◆ DATASET CONTENT ◆
========================================

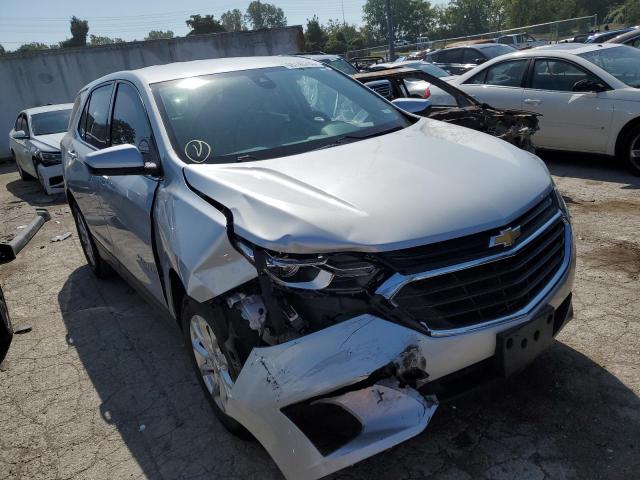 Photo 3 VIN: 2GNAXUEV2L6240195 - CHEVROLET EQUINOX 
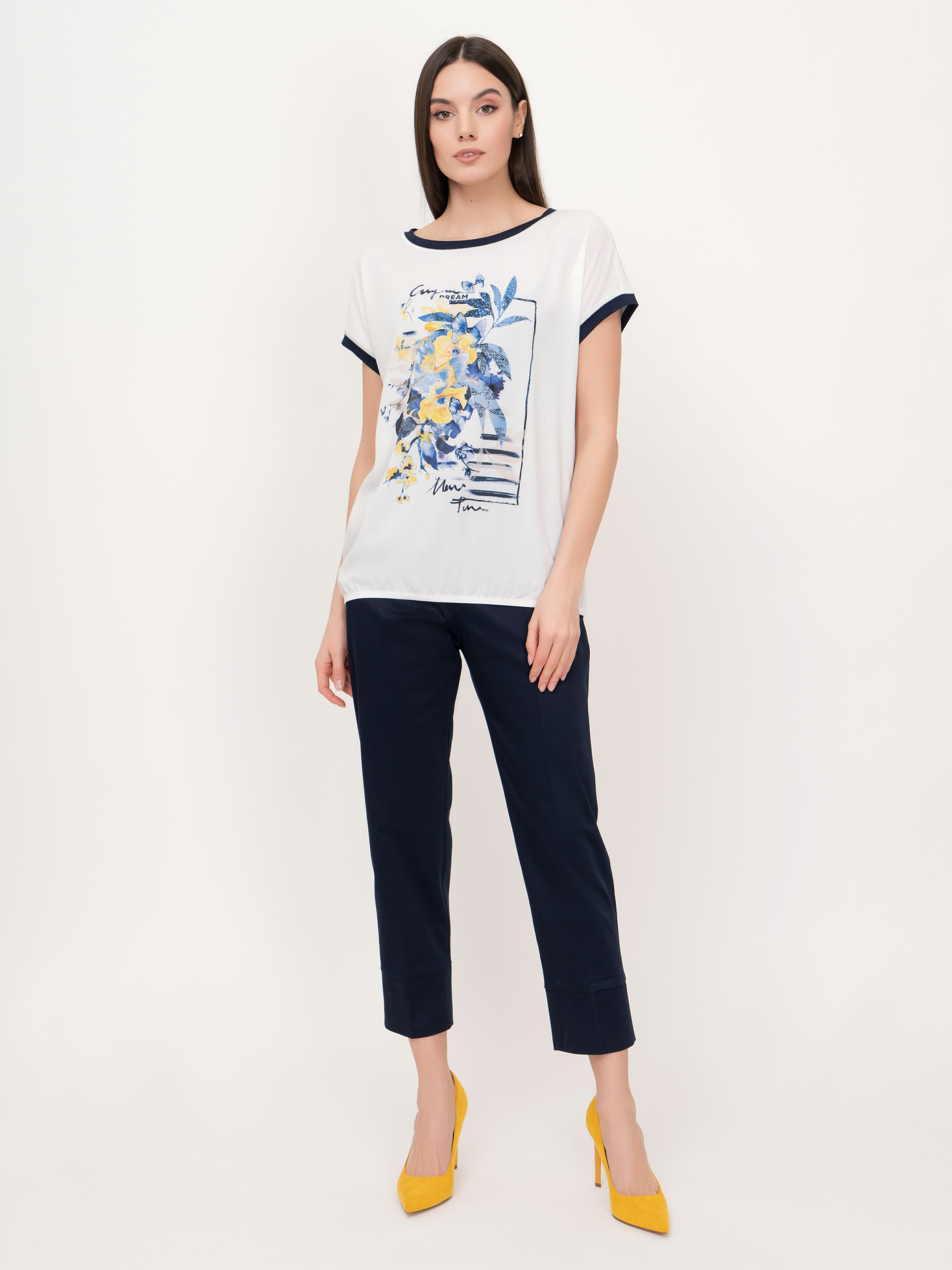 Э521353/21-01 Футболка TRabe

========================================

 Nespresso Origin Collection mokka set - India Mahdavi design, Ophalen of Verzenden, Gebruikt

========================================

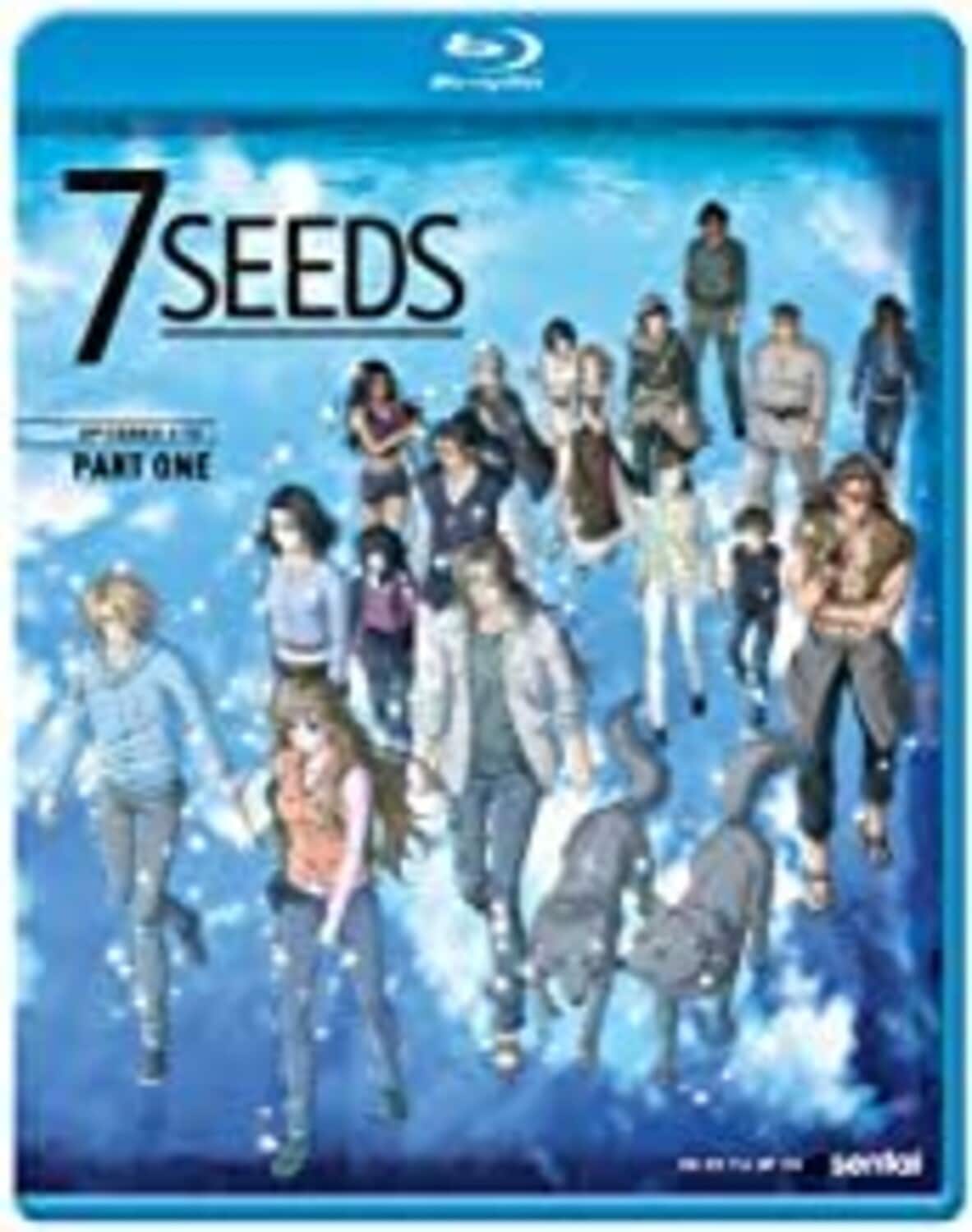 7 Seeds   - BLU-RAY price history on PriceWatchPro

========================================

◆ REQUIRED ACTION ◆
Look above for the line with "Photo 3 VIN: 2GNAXUEV2L6240195" and the line with "Э521353/21-01 Футболка TRabe". Give again exactly those two lines and all lines between them, pictures excluded.

◆ RESULT OF THIS EXERCISE ◆
 Photo 3 VIN: 2GNAXUEV2L6240195 - CHEVROLET EQUINOX 
 Э521353/21-01 Футболка TRabe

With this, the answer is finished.